Project 3 -- Estimating Flight Ticket Price Using Linear Regression
In this project, we're going to put your new modeling and data transformation skills to the test! We will be using data provided by the Bureau of Transportation Statistics to predict the price of airline tickets for flights leaving O'Hare and Midway.
The data we'll be using is a modified form of data provided here. The data has been cleaned up somewhat (though not completely!) and subset to flights leaving from MDW and ORD. The available fields are:
- InitID: Unique Identifier for Ticket
- FarePerMile: The amount paid per mile of flight
- Coupons: How many tickets were purchased in the order
- Origin: The departure airport of the flight
- RoundTrip: Was the ticket a round trip ticket or not?
- OnLine: Was the departing flight on the same operating carrier that it was booked on or not?
- RPCarrier: Reporting carrier of the flight (crosswalk table can be found here)
- Passengers: Number of passengers on the flight
- ItinFare: Itinerary fare per passenger
- BulkFare: Was the ticket part of a bulk order of tickets?

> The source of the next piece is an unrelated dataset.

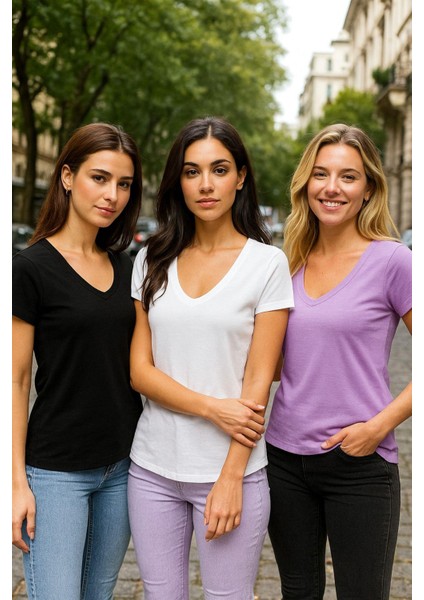 Kadın 3'lü Paket Siyah-Beyaz-Lila %100 Organik Pamuk Normal Kesim Tişört V Yaka T-Shirt modelleri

- Distance: How many miles was the flight?
- DistanceGroup: Pre-binned version of Distance (crosswalk table can be found here)
Unlike Projects 1 and 2, Project 3 (and the projects to follow) are much more freeform. Instead of giving you steps to follow, we leave the development up to you, within a few guidelines.
For this project, you will clean and prepare the data given to you above. Once you've prepared the data, please use it to create a linear regression that predicts the fare of a ticket (
ItinFare) on some or all of the features in the data set.
You are free to return this project in any format you prefer (
.py file, Jupyter Notebook, etc.) but please add and commit your results to a forked copy of this repository and issue a Pull Request when you're complete.
Please include the following in your submission:
- Your exploratory data analysis of the given data
- Any plots of the data that might be useful for exploration
- Train, Test and Split your data, leaving a hold-out set for a final test
- Transform your data into whatever features you determine are correct. Defend your justifications and assumptions
- Model your data, using linear regression. Discuss your findings.
- Use Lasso and/or Ridge regression. Are they an improvement on the basic linear regression model? Discuss what Lasso and Ridge regressions are doing.
- For each of your models, generate plots comparing your actual values to the values predicted by your models. How do you interpret these findings?
- Test each of your models with your hold-out set of data. How do they compare to your results when using the data you modeled with?
- Discuss your models. Which would you choose? Why?
- Discuss the coefficients on your final model. How would you interpret them?
This is based off of real data which, you will come to learn, is not easy to model. Additionally, linear regression is a modeling technique that is easy to interpret but is difficult to use to create a highly accurate model. Don't worry if your models are not super accurate -- we'll discuss more and more ways over the next few weeks to create more predictive models.